▶ _Task objective_
The expected response is the complete listing below, restated exactly, with its pictures omitted.

*** Data provided Section Begins ***

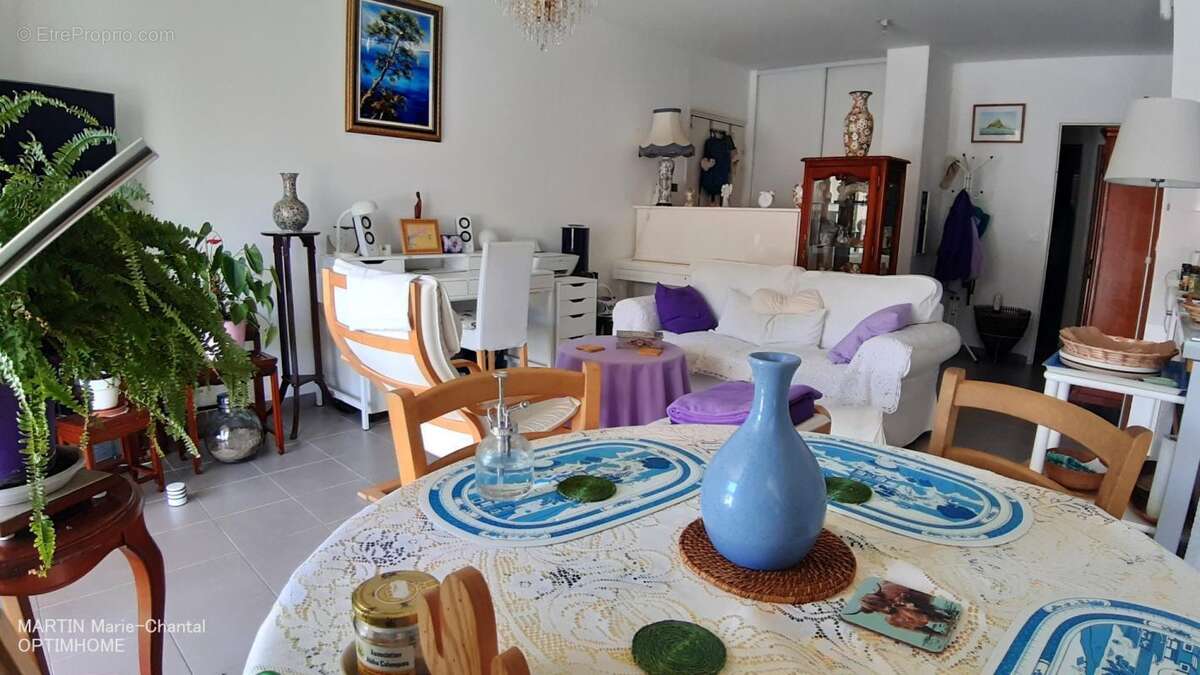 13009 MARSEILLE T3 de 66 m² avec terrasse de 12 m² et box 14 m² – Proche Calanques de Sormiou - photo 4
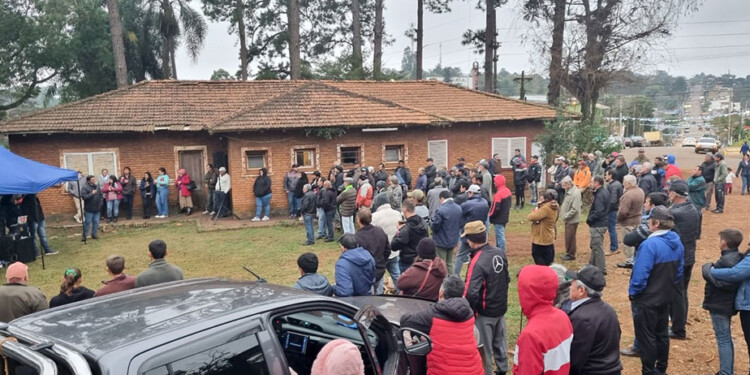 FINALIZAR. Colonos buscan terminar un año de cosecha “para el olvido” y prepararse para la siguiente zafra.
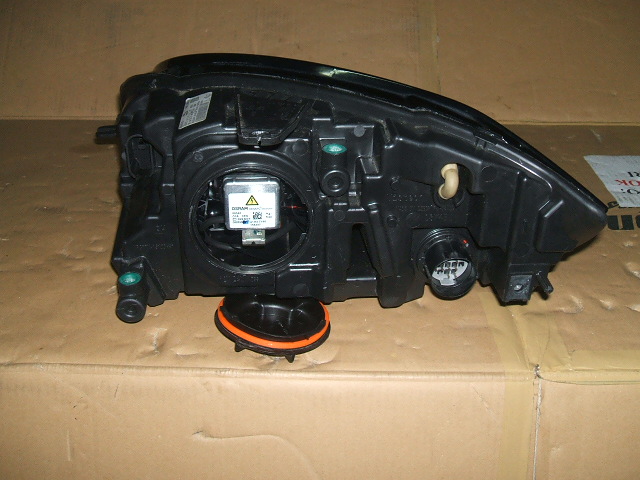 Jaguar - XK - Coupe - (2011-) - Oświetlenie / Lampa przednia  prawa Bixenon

*** Data provided Section Ends ***

▶ _The answer_
 13009 MARSEILLE T3 de 66 m² avec terrasse de 12 m² et box 14 m² – Proche Calanques de Sormiou - photo 4
 FINALIZAR. Colonos buscan terminar un año de cosecha “para el olvido” y prepararse para la siguiente zafra.
 Jaguar - XK - Coupe - (2011-) - Oświetlenie / Lampa przednia  prawa Bixenon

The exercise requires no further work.